→ WHAT YOU HAVE TO DO: Leaving out pictures, output exactly the lines below from the one that has "La Amhon pide" through the one that has "Insect Series Accessories", and nothing else.

[[ SOURCE MATERIAL, beginning ]]

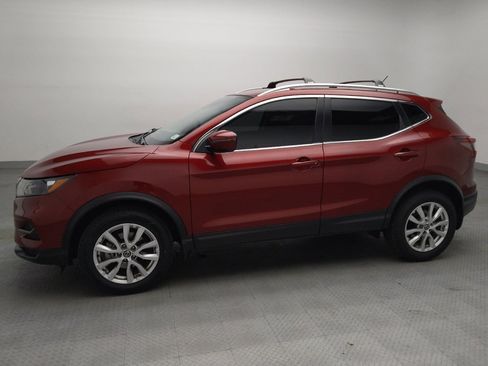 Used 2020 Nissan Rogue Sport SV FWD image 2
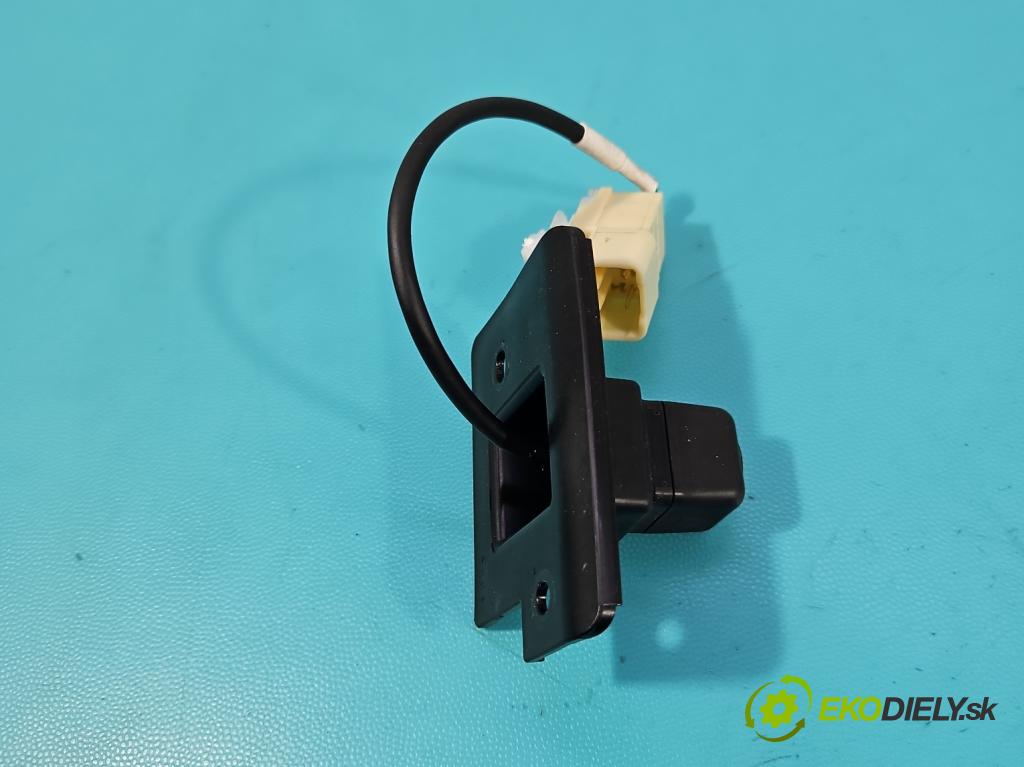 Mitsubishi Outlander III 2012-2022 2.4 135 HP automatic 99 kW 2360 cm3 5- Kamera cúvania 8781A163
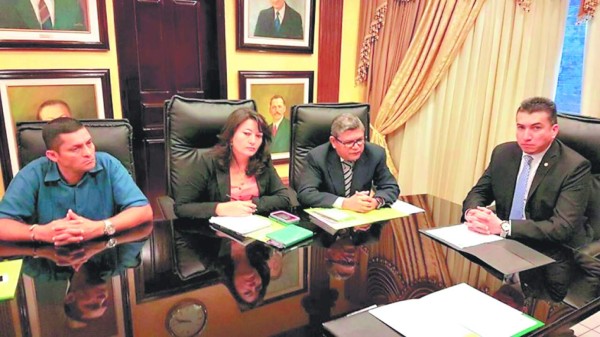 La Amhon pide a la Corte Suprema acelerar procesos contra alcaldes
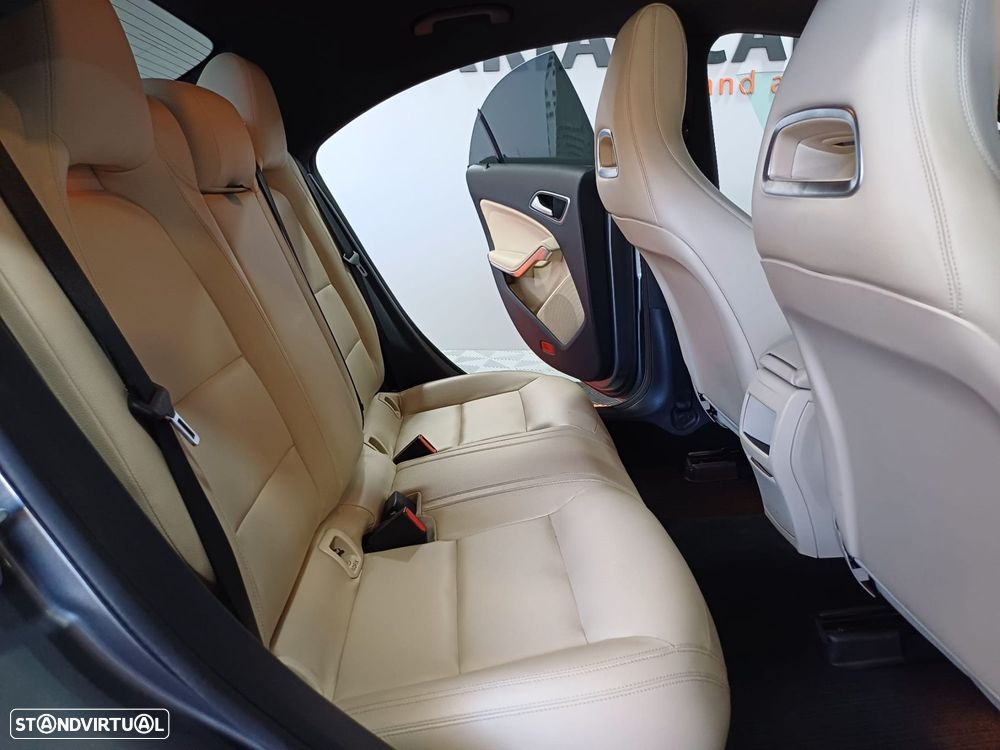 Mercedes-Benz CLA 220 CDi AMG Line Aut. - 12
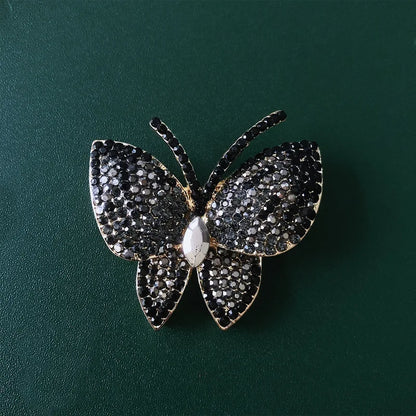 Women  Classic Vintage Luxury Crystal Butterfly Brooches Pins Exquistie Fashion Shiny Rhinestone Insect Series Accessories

[[ SOURCE MATERIAL, end ]]
[[ SOURCE MATERIAL, beginning ]]

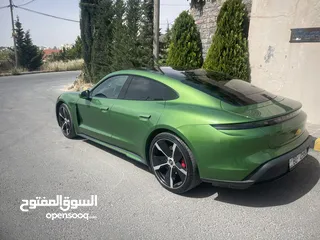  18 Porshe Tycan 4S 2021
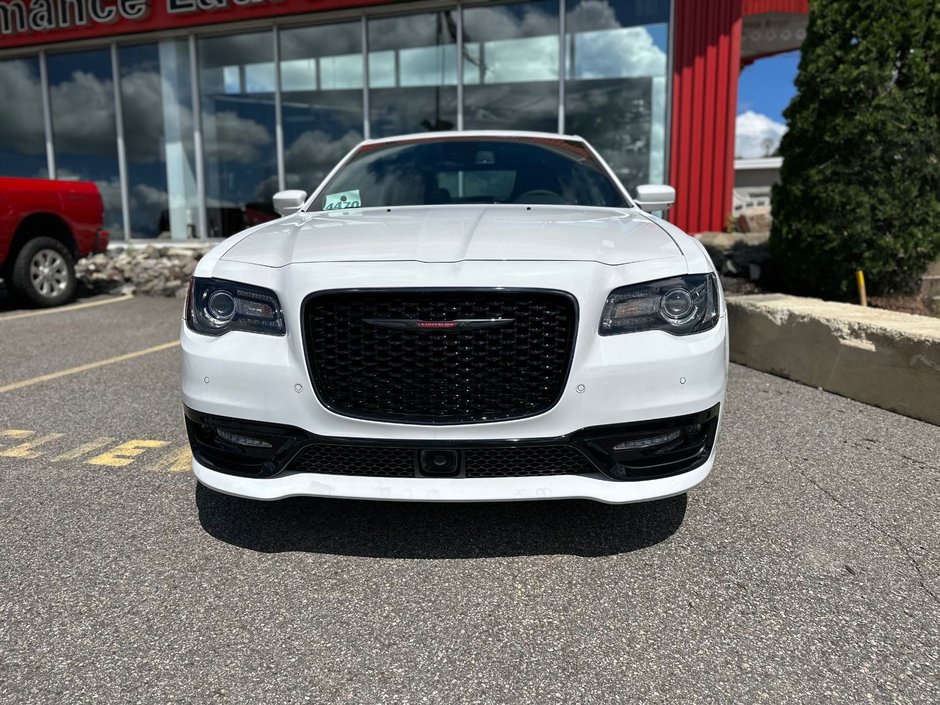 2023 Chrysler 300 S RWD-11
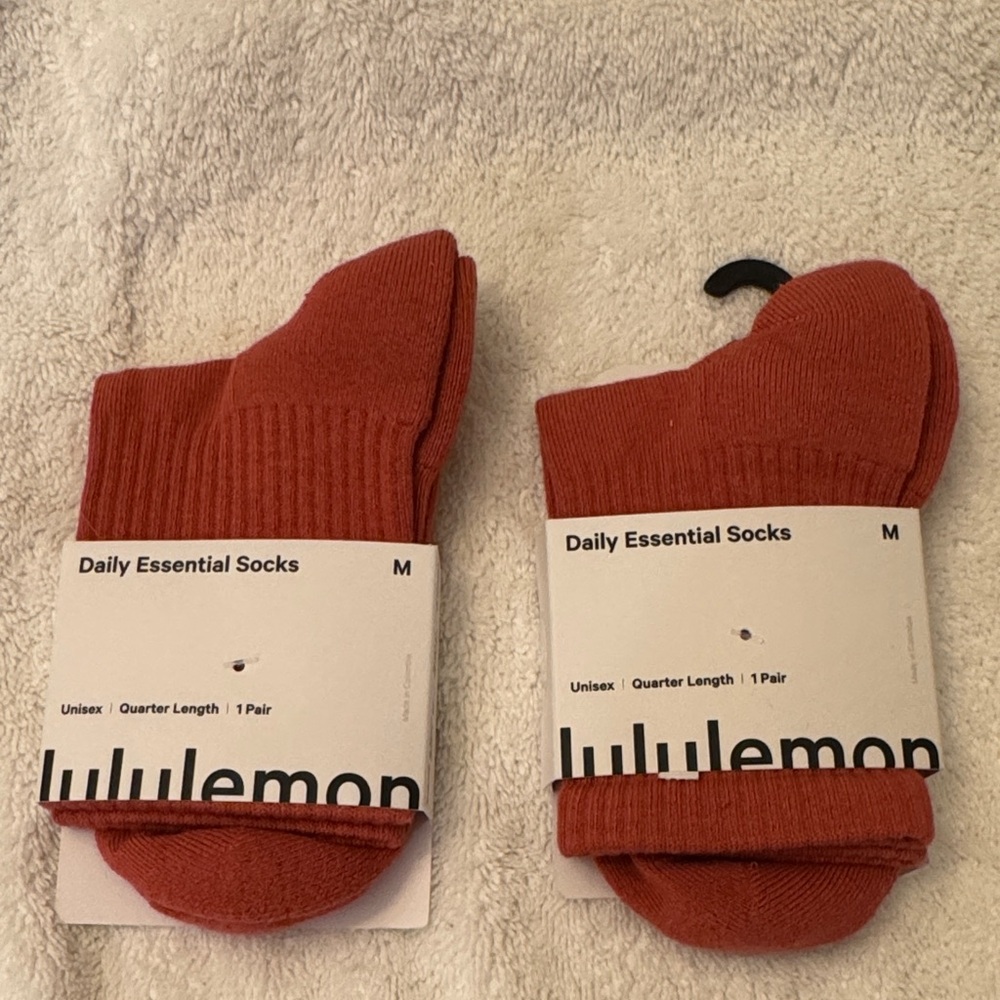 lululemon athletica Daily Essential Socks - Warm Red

[[ SOURCE MATERIAL, end ]]

→ EXPECTED ANSWER:
 La Amhon pide a la Corte Suprema acelerar procesos contra alcaldes
 Mercedes-Benz CLA 220 CDi AMG Line Aut. - 12
 Women  Classic Vintage Luxury Crystal Butterfly Brooches Pins Exquistie Fashion Shiny Rhinestone Insect Series Accessories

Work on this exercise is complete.